Bonecas de caroço de manga

Desde os primeiros suspiros da minha existência, nutria uma paixão ardente por bonecas. No entanto, naqueles tempos idos da minha infância, meus queridos pais enfrentavam uma árdua batalha para criar suas quatro meninas, e, portanto, adquirir uma boneca somente para mim seria um luxo inalcançável. Mas, em meio aos vastos quintais repletos de árvores frutíferas, encontrávamos um refúgio singular.

Era ali, chupando suculentas mangas, que descobríamos uma forma mágica de transformar caroços desprezados em preciosidades imaginárias. Com mãos habilidosas e corações repletos de criatividade, moldávamos nossas bonecas com esses tesouros rudimentares.
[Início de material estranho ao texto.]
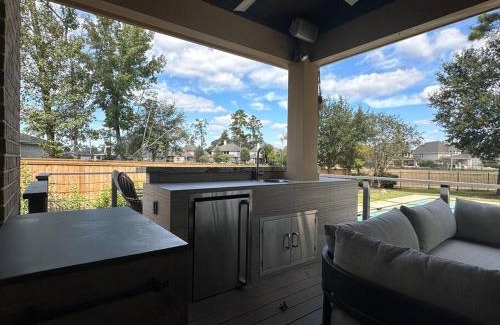 Tomball Casa | Luxury Home in The Woodlands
Não eram bonecas de porcelana, com vestidos esvoaçantes e rostos delicados, mas sim criações únicas e singelas que emanavam o encanto da infância livre.

Foi assim, ao confeccionar bonecas com caroços de manga, que descobrimos o verdadeiro sentido do afeto. Aprendemos a cuidar, a embalar suavemente, a alimentar esses seres imaginários que habitavam nossos devaneios. Elas se tornaram confidentes silenciosas, testemunhas de nossas brincadeiras mais íntimas, e, acima de tudo, catalisadoras de um instinto maternal que começava a florescer em nossos corações infantis.

Enfim, quando a adolescência lançou suas sombras sobre nossas almas, fui agraciada com minha primeira boneca de verdade. A doçura de seu semblante e a maciez de seu corpo encantaram-me, mas jamais pude esquecer as criações modestas que concebemos com tanto carinho, utilizando os caroços de manga como matéria-prima. Essas humildes bonecas, com seus traços imperfeitos e desalinhados, possuíam uma magia única, capaz de transcender os limites impostos pela materialidade.

Elas ensinaram-me lições valiosas, como a importância do amor desinteressado e a capacidade de dar vida a algo a partir de quase nada. E, mesmo agora, enquanto trilho meu caminho adulto, as memórias dessas bonecas feitas com caroços de manga seguem presentes em meus sonhos, reavivando o aconchego da infância e resgatando a pureza daqueles momentos efêmeros, mas eternos.